**Assigned task**: Whatever lies between the line with "Off-White Eyelet Embroidered Flounce Blouse" and the end of the data, both included, must be copied exactly and without pictures.

**Information shown**:
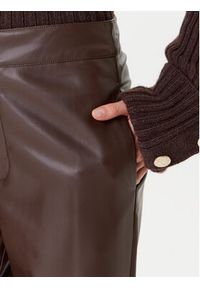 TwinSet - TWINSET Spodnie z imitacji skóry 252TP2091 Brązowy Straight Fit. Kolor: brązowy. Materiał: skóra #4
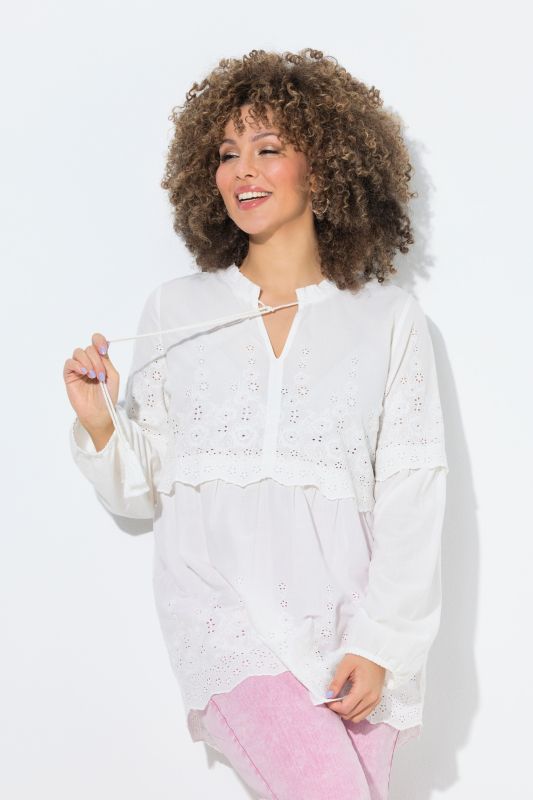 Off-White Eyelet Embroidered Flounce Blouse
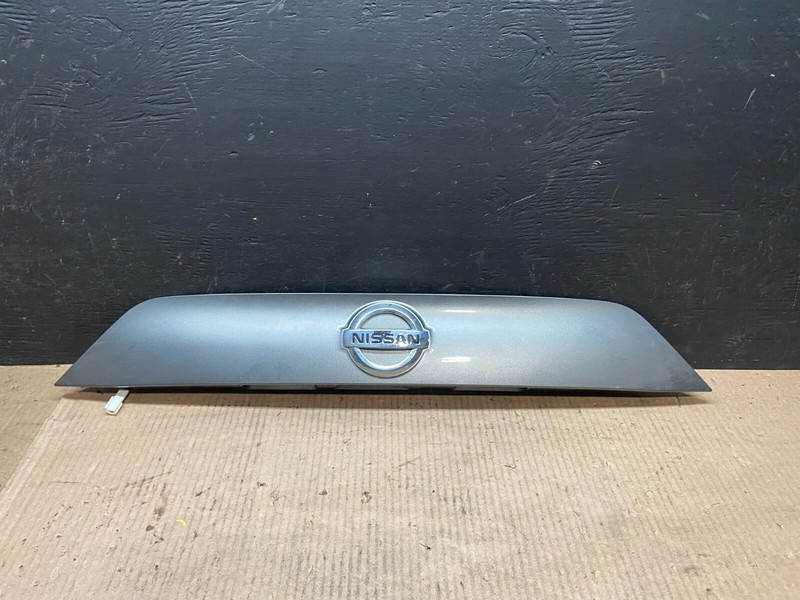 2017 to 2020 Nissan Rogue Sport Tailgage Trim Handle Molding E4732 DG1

**Exercise solution**:
 Off-White Eyelet Embroidered Flounce Blouse
 2017 to 2020 Nissan Rogue Sport Tailgage Trim Handle Molding E4732 DG1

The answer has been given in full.